== Directions ==
Set down the whole listing below exactly. The pictures stay out.

== Dataset excerpt ==

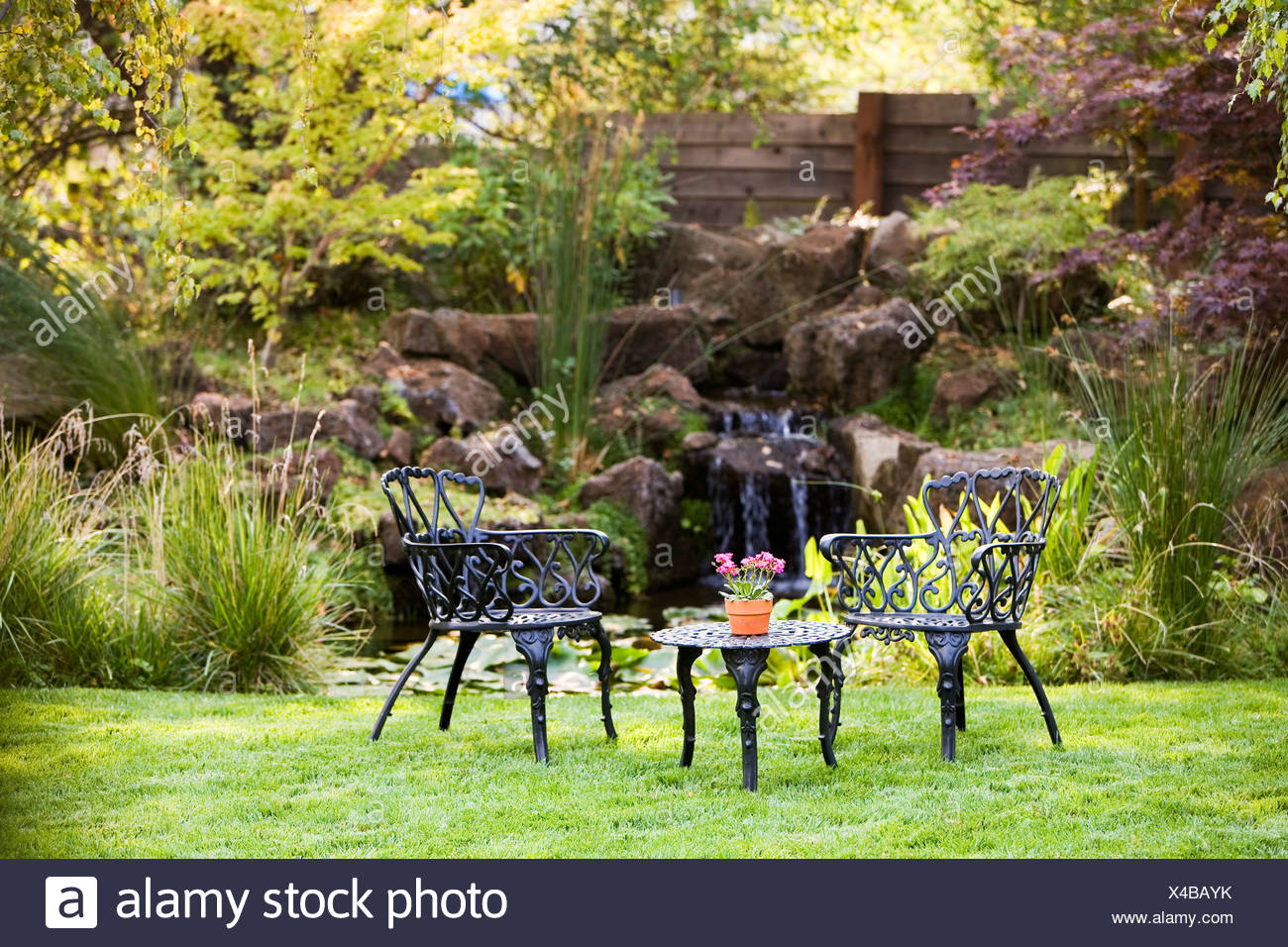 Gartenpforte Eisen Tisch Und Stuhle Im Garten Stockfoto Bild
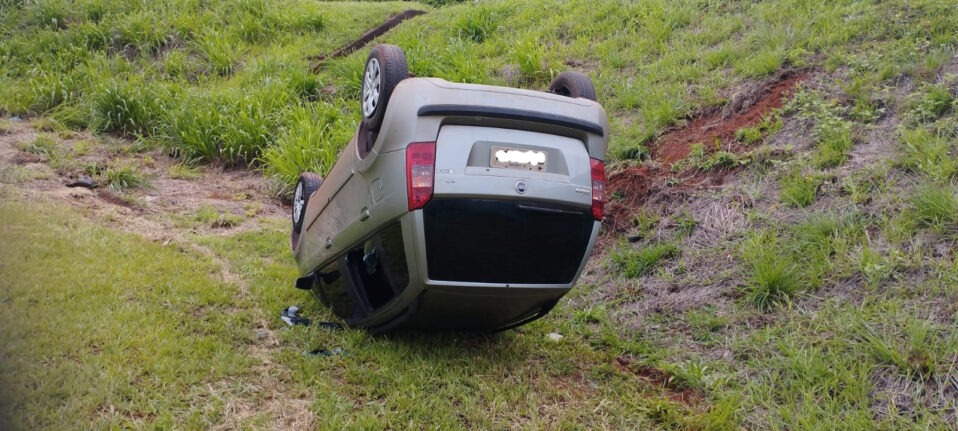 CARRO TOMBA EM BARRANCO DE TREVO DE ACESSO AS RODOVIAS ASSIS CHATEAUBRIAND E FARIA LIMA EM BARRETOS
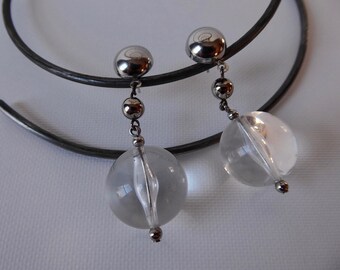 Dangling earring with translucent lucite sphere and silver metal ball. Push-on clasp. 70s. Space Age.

== Solution to this problem ==
 Gartenpforte Eisen Tisch Und Stuhle Im Garten Stockfoto Bild
 CARRO TOMBA EM BARRANCO DE TREVO DE ACESSO AS RODOVIAS ASSIS CHATEAUBRIAND E FARIA LIMA EM BARRETOS
 Dangling earring with translucent lucite sphere and silver metal ball. Push-on clasp. 70s. Space Age.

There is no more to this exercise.